Béatrice Brugère : Les critiques ne portent pas tant sur le fonctionnement de l'institution judiciaire que sur l'incapacité des gouvernants à réguler une véritable politique migratoire et notamment à mettre à exécution les OQTF

De fait du point de vue de la justice, même si la question de la fragilité et donc de l'irresponsabilité psychique de la meurtrière présumée a été évoquée, elle n'a pas en l'état été déclarée irresponsable pénalement, a pu être mise en examen puis écrouée, son état psychique n'ayant pas été déclaré incompatible ni avec la garde à vue, ni avec le placement en détention provisoire.

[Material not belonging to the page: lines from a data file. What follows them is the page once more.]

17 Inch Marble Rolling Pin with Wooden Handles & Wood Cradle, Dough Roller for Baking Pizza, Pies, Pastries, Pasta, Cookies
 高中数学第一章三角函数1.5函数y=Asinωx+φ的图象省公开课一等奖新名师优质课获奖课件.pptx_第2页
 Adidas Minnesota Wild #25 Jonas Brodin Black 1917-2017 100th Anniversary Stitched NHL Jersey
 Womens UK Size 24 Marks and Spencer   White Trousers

Sur l'aspect de la situation administrative de la mise en cause, qui n'aurait pas dû se trouver sur le territoire français, celle ci ne concerne de fait pas tant les juges que le rôle du préfet et du législateur, donc du pouvoir politique :  c'est bien le Préfet qui 1/ décide des OQTF, de leur délai d'exécution, de l'interdiction de revenir ou non sur le territoire national et 2/ du placement en Centre de rétention administratif, le juge n'intervenant qu'à la marge.

On pourrait ajouter le rôle des associations (type CIMADE, France Terre d'asile) qui conseillent les étrangers sur la régularité de la procédure.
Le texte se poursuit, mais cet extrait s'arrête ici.